There are some risks with foods high in oxalates (especially bladder stones), but many experts feel that they are not a big deal as long as they are only a part of a varied diet, and the tortoise is properly hydrated.


----------



## tortoisenerd (Feb 10, 2010)

Dandelion/mustard/collard/mustard greens. Chard. Watercress. Spinach (too high in my opinion to feed). Turnip greens are one of the few greens you can get at the grocery store that are low. The lettuces are all low except mizuna, chard, and spinach in spring mix. Also, keep in mind that published oxalic acid contents vary wildly source to source. Not sure why yet, but it is confusing. I find it easier to have a never feed, feed occasionally, and feed in any amount type of list, than to try and compare them. Best wishes.


----------



## jackportd (Feb 19, 2010)

Hi,
Is it really oxalic acid? I would not be surprised, but I always thought it was poisonous. This is why one is not supposed to eat rhubarb leaves, because they contain it.
Neutralising an acid is very difficult in cooking. The only alkaline foodstuff that I have heard of is egg white, but that would coagulate in the soup and have to be drained off. You could try it, though.


----------



## -EJ (Feb 20, 2010)

Oxalilates and Oxcalic acid are very different. Oxalilates are the binded results... Oxalic acid is the component that binds to form Oxalilates.

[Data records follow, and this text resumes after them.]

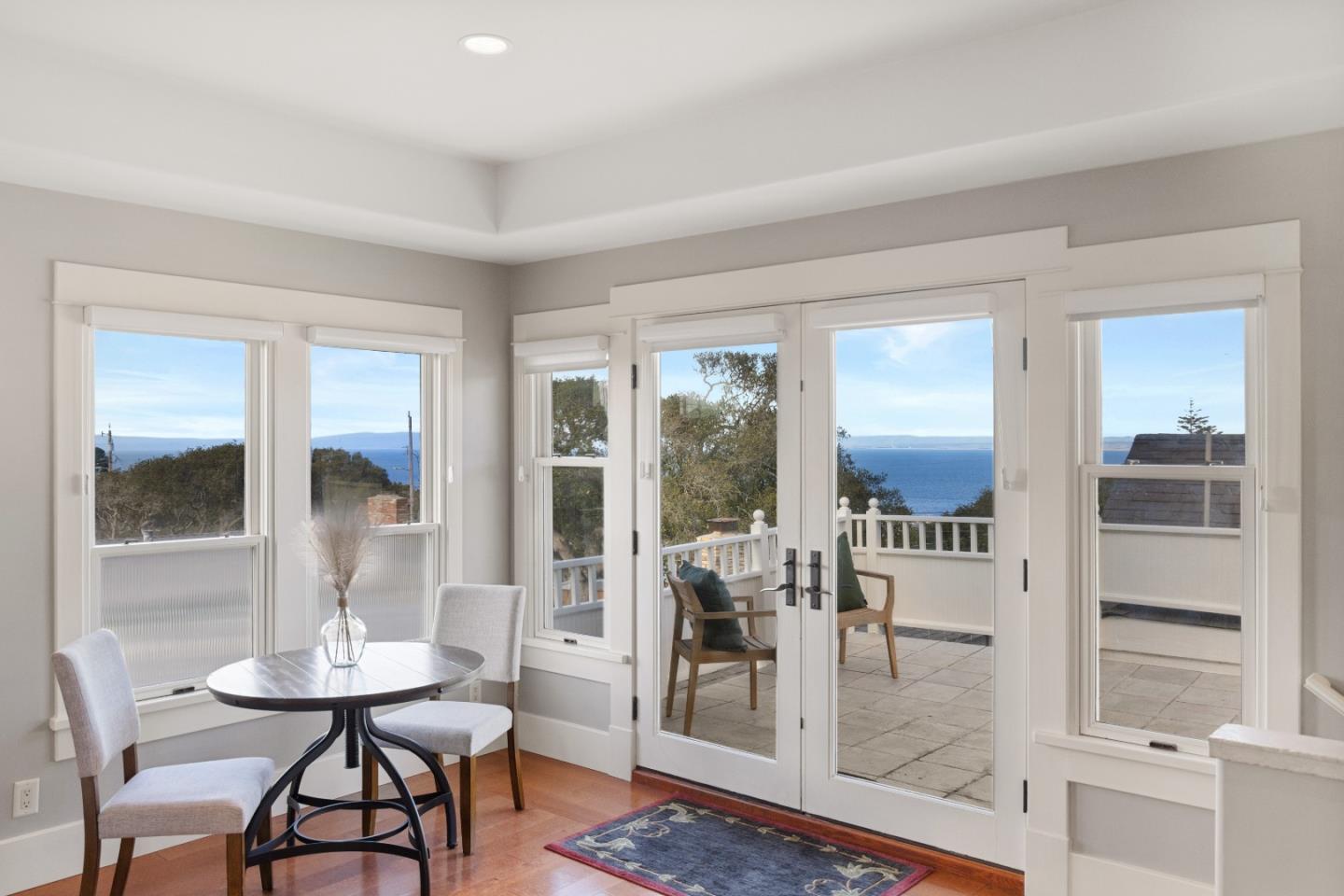 Detail Gallery Image 31 of 65 For 675 Pine St, Monterey,  CA 93940 - 5 Beds | 3/1 Baths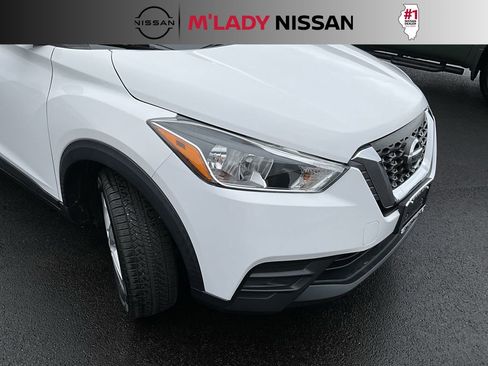 Used 2020 Nissan Kicks S image 6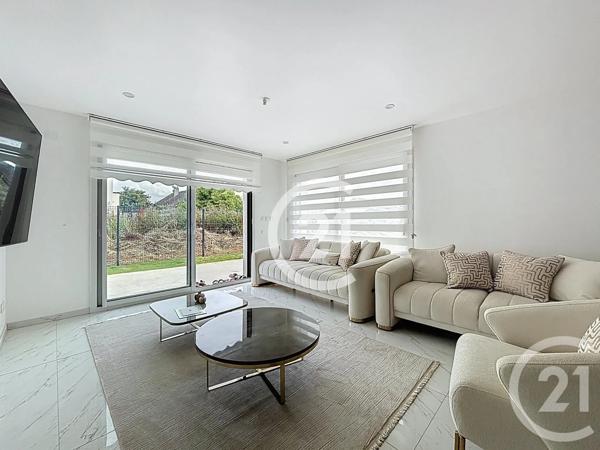 Appartement F5 à vendre  5 pièces - 118,16 m 2   CAEN  - 14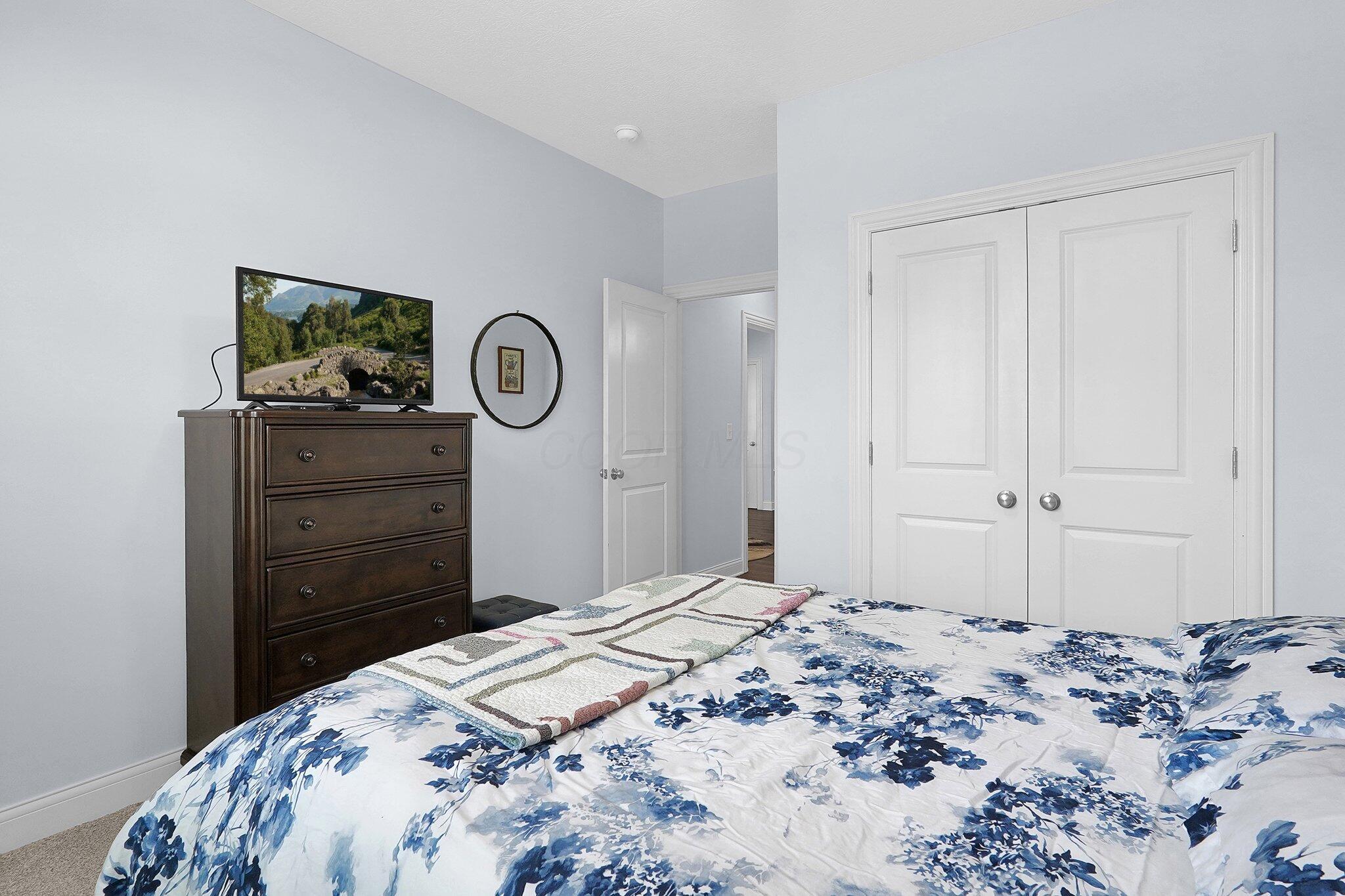 1589 Delcastle Loop, Grove City, Ohio image 32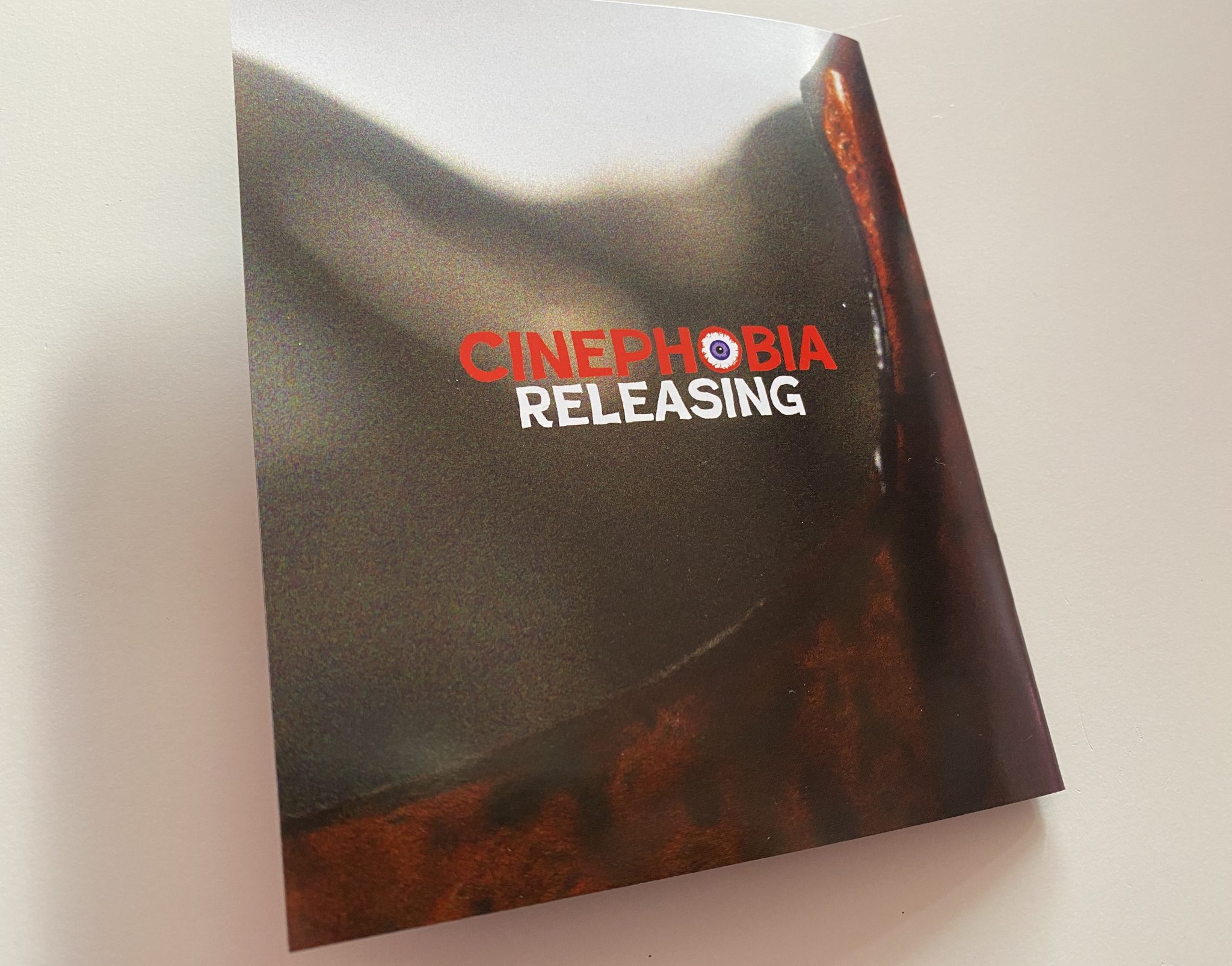 La mesita del comedor Blu-ray contraportada libreto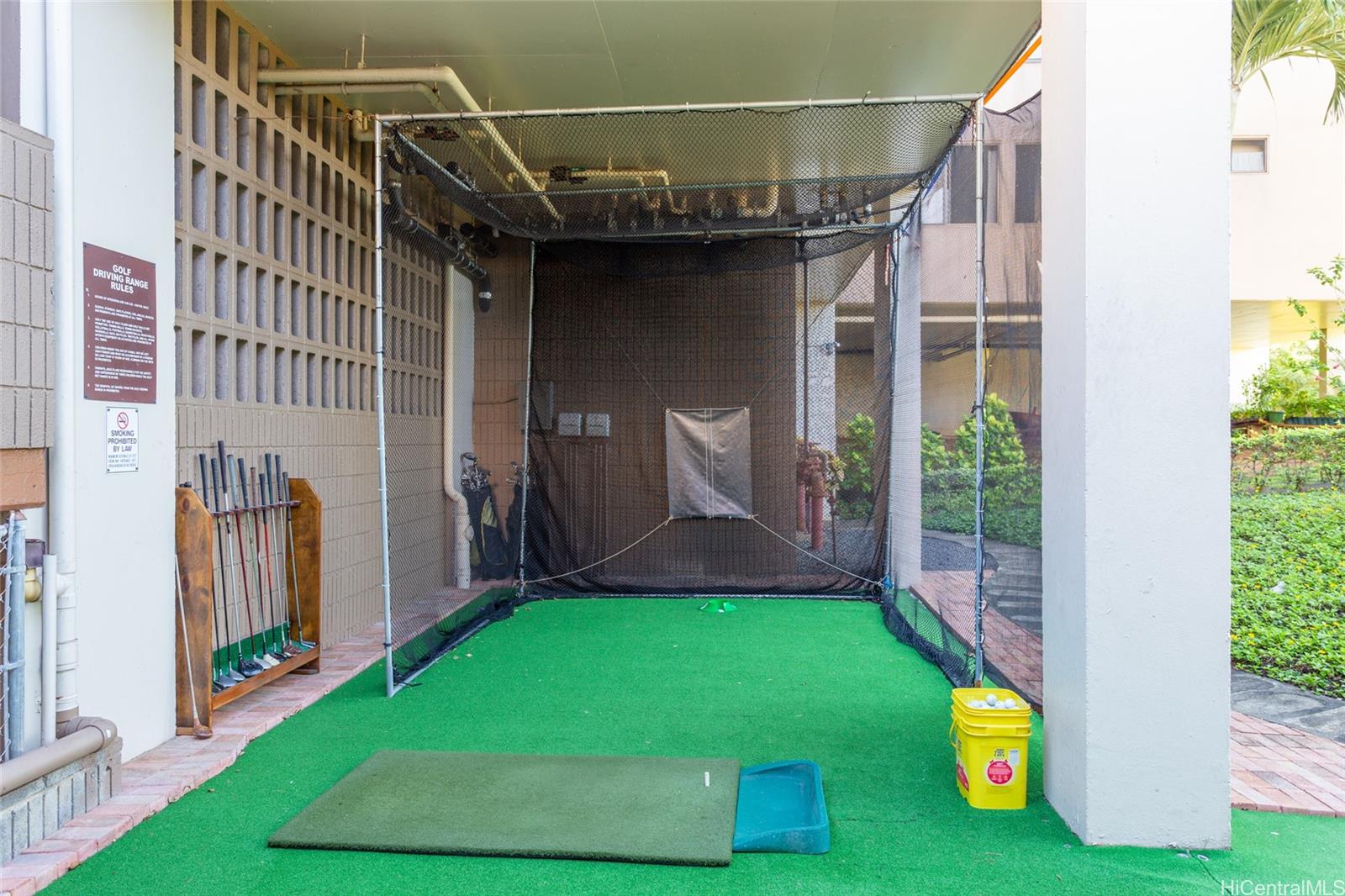 Park At Pearlridge condo # C402, Aiea, Hawaii - photo 20 of 23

Opuntia cactus is very high in Oxalilates but is said to be a good form of calcium for tortoises... it is.

Make sure you can see the difference.



Madkins007 said:


> This is my favorite link about oxalic acid- http://oxalicacidinfo.com/
> 
> When we look at the levels of oxalates in foods, it is unfortunate that we often do not know what part of the plant was measured, or if the food was cooked or prepared in some way since cooking seems to activate or amplify the effects.
> 
> ...


----------



## Madkins007 (Feb 20, 2010)

-EJ said:


> Oxalilates and Oxcalic acid are very different. Oxalilates are the binded results... Oxalic acid is the component that binds to form Oxalilates.
> 
> Opuntia cactus is very high in Oxalilates but is said to be a good form of calcium for tortoises... it is.
> 
> Make sure you can see the difference.



Chemistry is not my bag, but the only place on-line I find the word 'Oxalilate' when I googled it was this post. Oxalate has some chemical connection to oxalic acid that is close enough that most articles I find on-line seem to use it interchangeably. 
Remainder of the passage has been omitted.